I need a little more dough in the account prior to punching out.

Otherwise I'd just ride in the "G", or one of the Lifestyle funds.

Is it impossible to cut bait if you are below your entry point?

Nope. But that isn't even close to being near term for me. Others? Everybody
has their own situations. But those reasons are how they relate to mine.
 
Down market means buying opportunity, not a time to lock in a loss.


it's only a loss if the share price goes up; if share prices go down, you build dry powder to buy at a lower price; if you are fully invested - there is no way to take advantage of the buying opportunity.

Case in point - I "locked" in a 2.25% "loss" from the 5/12 peak (bailing on 5/14 and 5/17), but those share prices (of CSI funds) were 6.5to 9% higher than today. I could have bought anytime after 5/28. So what did I "lose", other than getting off the downside of a rollercoaster ride?

BTW - I am not even 50:50 on a return to 1,100 this week; could be - could be more - but I don't think so - especially not after the closing trade in the last 2 sessions; looks like big selling into any strength. A huge jobs number - I mean, something like +700K jobs - might make a difference; but a disappointment, or even a mild surprise I'm expecting to be sold off with a vengeance.
 
Even though the analysts are projecting growth for the remainder of 2010 to challenge the numbers from the peak in 2006, our leaders are so confident in those estimates that right now they are looking to enact another $1 billion stimulus. Should it pass, it will be the one final blast of rocket fuel that bails out any stuck longs.
 
You can always bail to G.
Ha- BlackRock is the F,C,S,I funds admin.

Q2. What are the new limits on interfund transfers? For each calendar month, the first two IFTs can redistribute a participant’s account among any or all of the TSP funds. After that, for the remainder of the month, participants may only move money into the Government Securities Investment (G) Fund (in which case the participant will increase the percentage of the account held in the G Fund by reducing the percentage held in one or more of the other TSP funds).
We will count the interfund transfer based on its process date, not the date the interfund transfer is requested.
If the first or second interfund transfer in a month moves money only to the G Fund, it still counts toward the two (2) unrestricted interfund transfers per month limit.
 
http://www.[[financialsense.com/fsu/editorials/harding/2010/0528.html

It’s been one world economically, a global village, for years now.

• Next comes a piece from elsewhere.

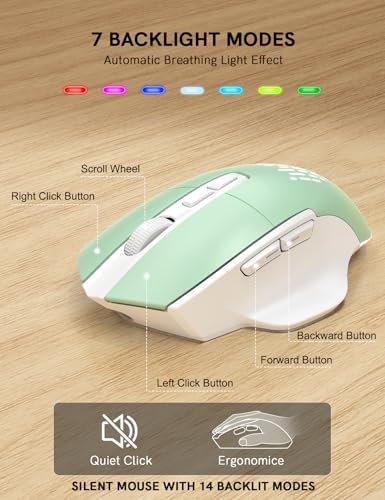 SABLUTE Wireless Keyboard and Mouse Combo, Ergonomic Wave with Wrist Rest - Image 6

The competition between major countries is no longer fought on the high seas, or on land with vast armies, but in board rooms and markets. That China is a communist country politically is no longer a concern. The competition is economic, for instance whether China’s semi-capitalistic economy, having already surpassed France and Germany, will soon surpass Japan to become the world’s second largest economy behind the U.S.

The big concern in the U.S. is not which country has the largest navy or nuclear arsenal, but whether China, Japan, and the oil exporting nations, will continue to buy U.S. bonds, and hold U.S. dollars in their central bank reserves, happy to be the largest foreign holders of U.S. debt.
The global village aspect and intertwined economic dependence on each other can be seen in the way global economies enter and exit recessions together, and see their stock markets enter and exit bull and bear markets together.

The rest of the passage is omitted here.